■ **Directions**: Where an image appears in the data, omit it and reproduce the rest exactly.

━━━━━ Collected data

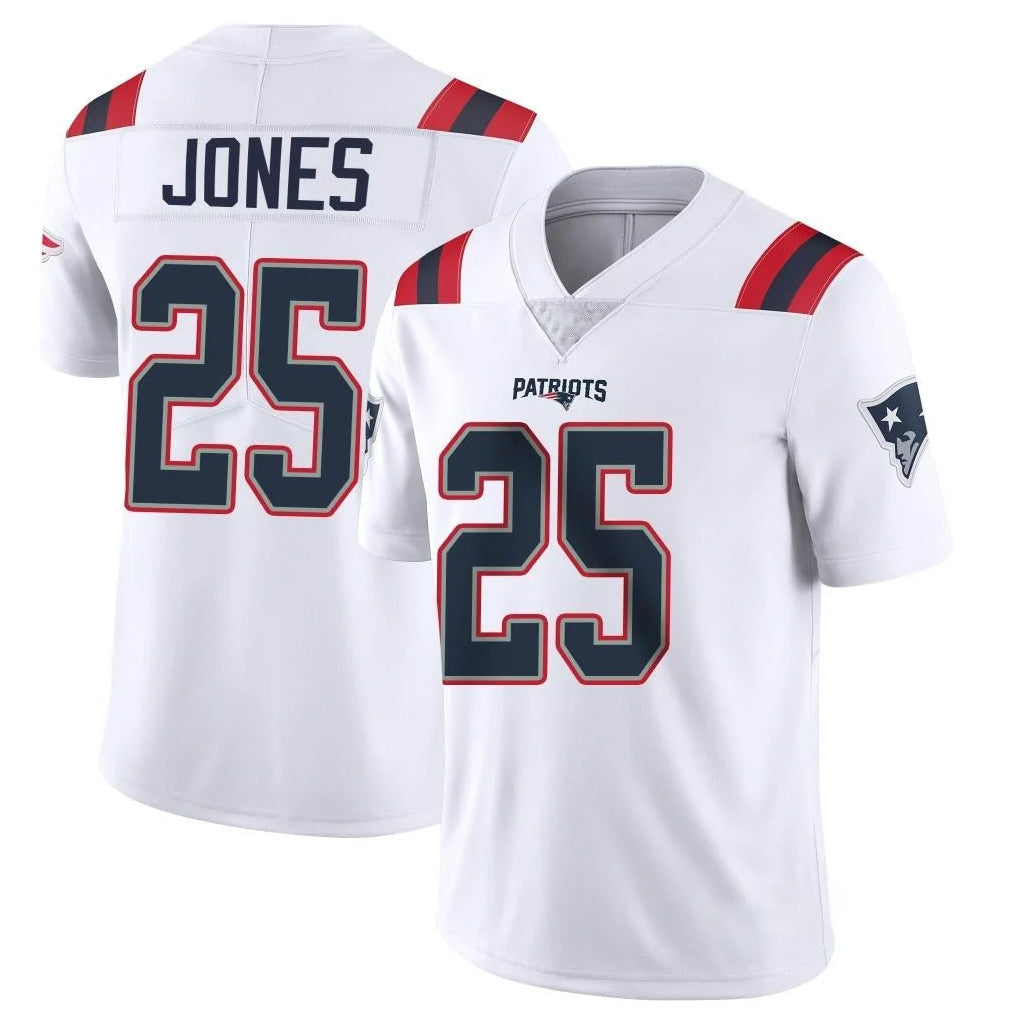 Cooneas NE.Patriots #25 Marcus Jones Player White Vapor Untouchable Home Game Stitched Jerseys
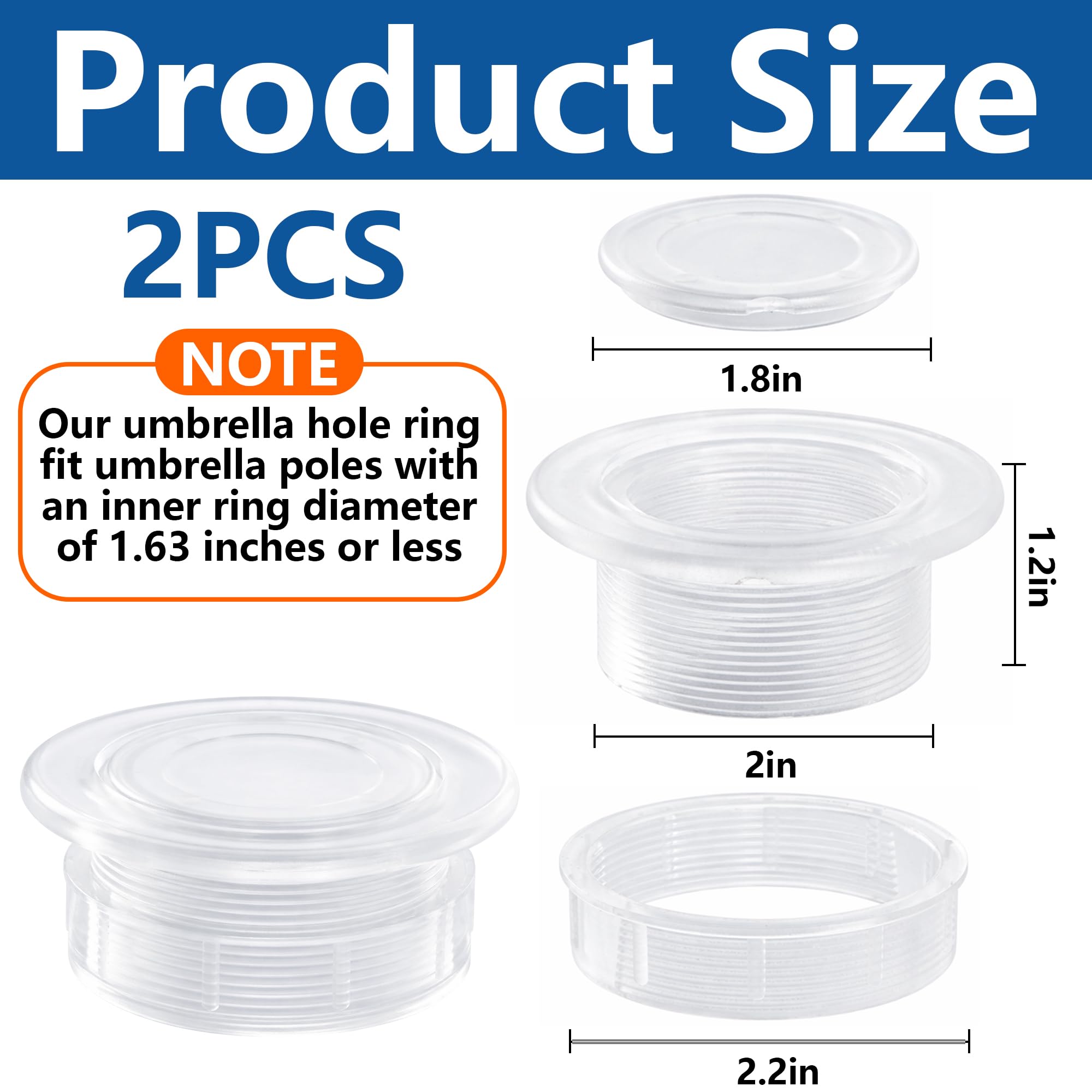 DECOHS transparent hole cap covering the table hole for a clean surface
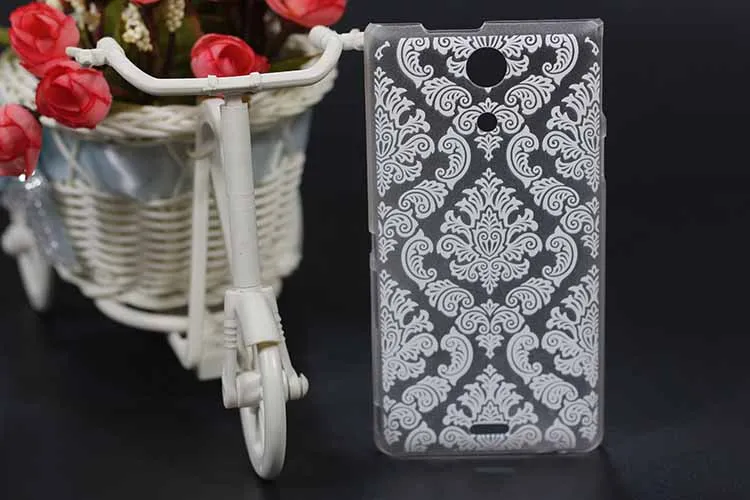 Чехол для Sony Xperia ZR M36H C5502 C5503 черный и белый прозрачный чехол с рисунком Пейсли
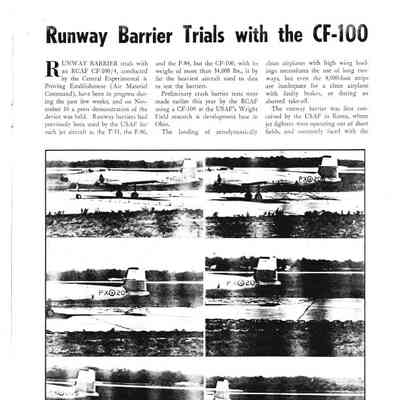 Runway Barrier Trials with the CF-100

━━━━━━━━━━

■ **Result**:
 Cooneas NE.Patriots #25 Marcus Jones Player White Vapor Untouchable Home Game Stitched Jerseys
 DECOHS transparent hole cap covering the table hole for a clean surface
 Чехол для Sony Xperia ZR M36H C5502 C5503 черный и белый прозрачный чехол с рисунком Пейсли
 Runway Barrier Trials with the CF-100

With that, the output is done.